Though elsewhere, the director harnesses the nervous laughter coping mechanism of the former employees to inject humor into the grim tale. With accuracy so low, Shultz jokes that “if people are testing themselves for syphilis with Theranos, there’s going to be a lot more syphilis in the world.” Visual dramatizations of journalists’ audio recordings of Holmes and the eventual legal disputes bring this evidence to life.

Alex Gibney, director of “The Inventor: Out for Blood in Silicon Valley,” an official selection of the Documentary Premieres program at the 2019 Sundance Film Festival. Courtesy of Sundance Institute.

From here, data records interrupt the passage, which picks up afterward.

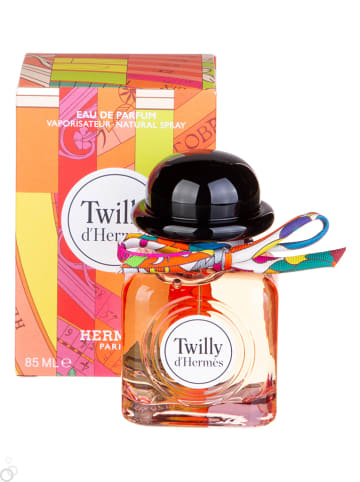 Hermès Twilly d'Hermes - eau de parfum, 85 ml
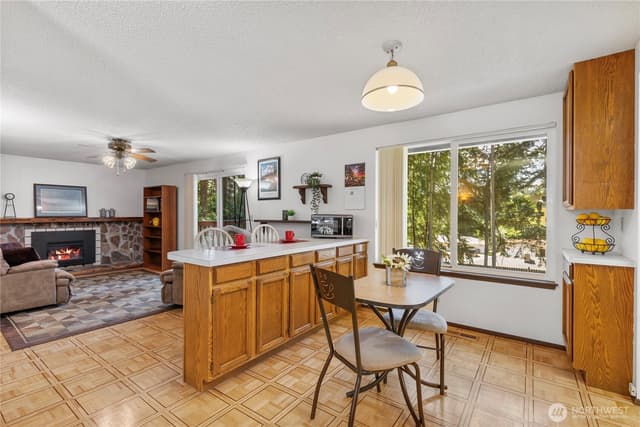 Property photo for 3920 Celeste Court SE, Port Orchard photo 5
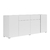 petits_meubles_Maxis_buffet_4p_2t_blanc_2497OA47_1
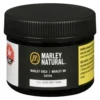 New Arrivals Marley Natural Gold Sativa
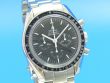 Omega Speedmaster Moonwatch Saphirglas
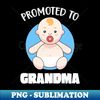 BY-20231101-16990_Promoted To Grandma Family Birth Grandchildren 1555.jpg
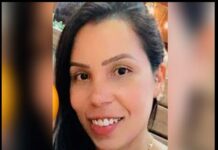 Mulher morre após passar mal durante treino em academia de Fernandópolis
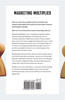 Marketing Multiplied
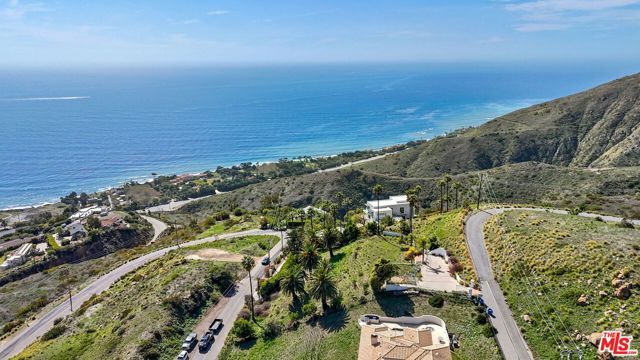4417 Vista Del Preseas, Malibu, CA 90265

The most touching scene sees Fortune’s Roger Parloff on the brink of implosion as he grapples with giving Holmes her first magazine cover story — momentum she used to eventually get Theranos’ useless hardware in front of real patients who depended on its results.

The Inventor succeeds at instilling the lesson without getting too preachy. It’s fine to be hopeful, but don’t ignore your concerns no matter how much you want something to be real. It takes an incredibly complex sequence of events and makes it at once gripping and informative. If you haven’t read “Bad Blood” or found it drab, “The Inventor” conveys the gravity of the debacle with a little more flare.

Yet the documentary also gives Holmes a bit too much benefit of the doubt, suggesting that hey, at least she was trying to do good in the world. In the after-film panel, Gibney said, “She had a noble vision . . . I think that was part of why she was able to convince so many people and convince herself that what she was doing was great, which allowed her to lie so effectively.” Carreyrou followed up that “she was not intending to perpetrate a long con.”

Yet that’s easier to say for both the director and the author when neither of their works truly investigated the downstream health impacts of Theranos’ false positives and false negatives. If they’d tracked down people who delayed critical treatment or had their lives upended by the fear of a disease they didn’t have, I doubt Holmes would be cut so much slack.

Some degree of “Fake it ’til you make it” might be essential to build hard technology startups. You must make people believe in something that doesn’t exist if you’re to pull in the funding and talent necessary to make it a reality. But it’s not just medical, hardware, or “atoms not bits” startups that must be allegiant to the truth. As Facebook and WhatsApps’ role in spreading misinformation that led to mob killings in India and Myanmar proved, having a grand mission doesn’t make you incapable of doing harm. A line must be drawn between optimism and dishonesty before it leads to drawing chalk outlines on the ground.